WHAT THE EXERCISE ASKS
Using the material below, print the line that contains "Hey guys, welcome", the line that contains "These emergency lights", and every line in between, exactly and nothing else.

DATASET EXTRACT

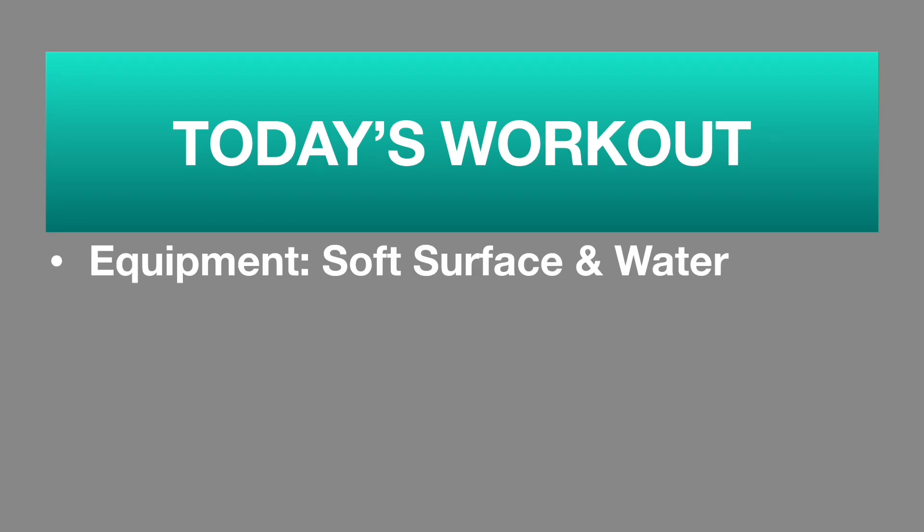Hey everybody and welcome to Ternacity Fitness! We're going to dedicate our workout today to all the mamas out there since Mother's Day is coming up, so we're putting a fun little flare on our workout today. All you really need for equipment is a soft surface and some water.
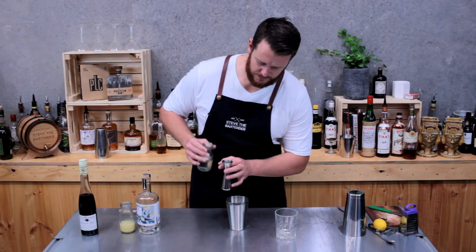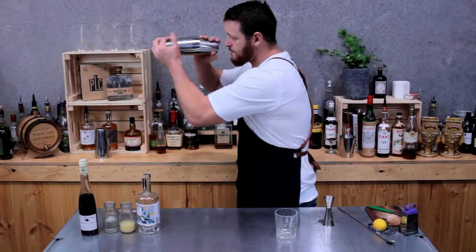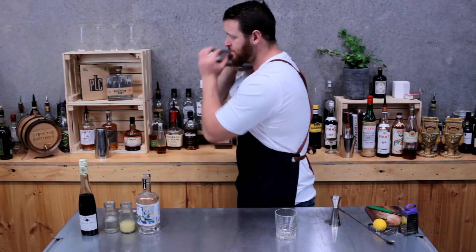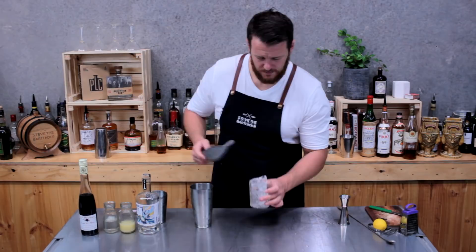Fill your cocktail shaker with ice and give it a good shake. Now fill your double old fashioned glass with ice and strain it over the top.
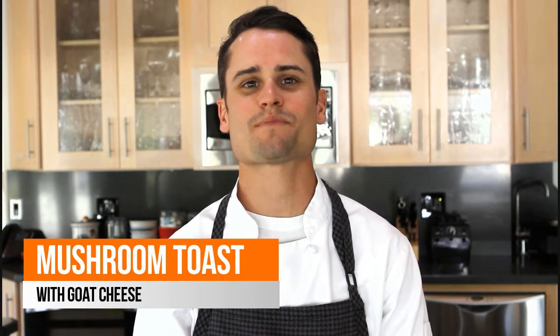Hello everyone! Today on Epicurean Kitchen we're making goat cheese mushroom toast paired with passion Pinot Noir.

==

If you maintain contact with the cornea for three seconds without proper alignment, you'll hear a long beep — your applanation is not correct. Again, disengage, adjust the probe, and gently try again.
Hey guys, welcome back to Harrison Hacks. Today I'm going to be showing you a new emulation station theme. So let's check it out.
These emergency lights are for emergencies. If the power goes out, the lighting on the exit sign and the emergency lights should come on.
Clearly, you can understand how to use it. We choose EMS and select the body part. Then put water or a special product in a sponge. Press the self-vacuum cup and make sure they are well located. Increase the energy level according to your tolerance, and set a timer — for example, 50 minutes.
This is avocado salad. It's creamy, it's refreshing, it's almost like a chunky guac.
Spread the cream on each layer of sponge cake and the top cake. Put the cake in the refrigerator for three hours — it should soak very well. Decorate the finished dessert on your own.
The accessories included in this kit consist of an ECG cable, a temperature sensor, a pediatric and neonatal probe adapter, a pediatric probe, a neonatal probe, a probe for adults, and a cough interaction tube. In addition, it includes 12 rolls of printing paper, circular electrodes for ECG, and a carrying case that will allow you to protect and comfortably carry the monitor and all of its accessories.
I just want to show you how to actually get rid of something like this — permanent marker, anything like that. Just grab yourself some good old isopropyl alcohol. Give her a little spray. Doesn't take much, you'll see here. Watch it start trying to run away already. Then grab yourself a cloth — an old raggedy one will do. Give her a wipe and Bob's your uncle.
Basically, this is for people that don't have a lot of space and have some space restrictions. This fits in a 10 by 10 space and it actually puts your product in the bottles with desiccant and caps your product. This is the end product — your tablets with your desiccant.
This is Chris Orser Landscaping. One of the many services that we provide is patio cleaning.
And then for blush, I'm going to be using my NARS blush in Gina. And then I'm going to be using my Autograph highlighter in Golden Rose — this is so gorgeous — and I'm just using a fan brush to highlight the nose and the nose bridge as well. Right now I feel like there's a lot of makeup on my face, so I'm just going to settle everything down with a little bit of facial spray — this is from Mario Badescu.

WORKED SOLUTION
Hey guys, welcome back to Harrison Hacks. Today I'm going to be showing you a new emulation station theme. So let's check it out.
These emergency lights are for emergencies. If the power goes out, the lighting on the exit sign and the emergency lights should come on.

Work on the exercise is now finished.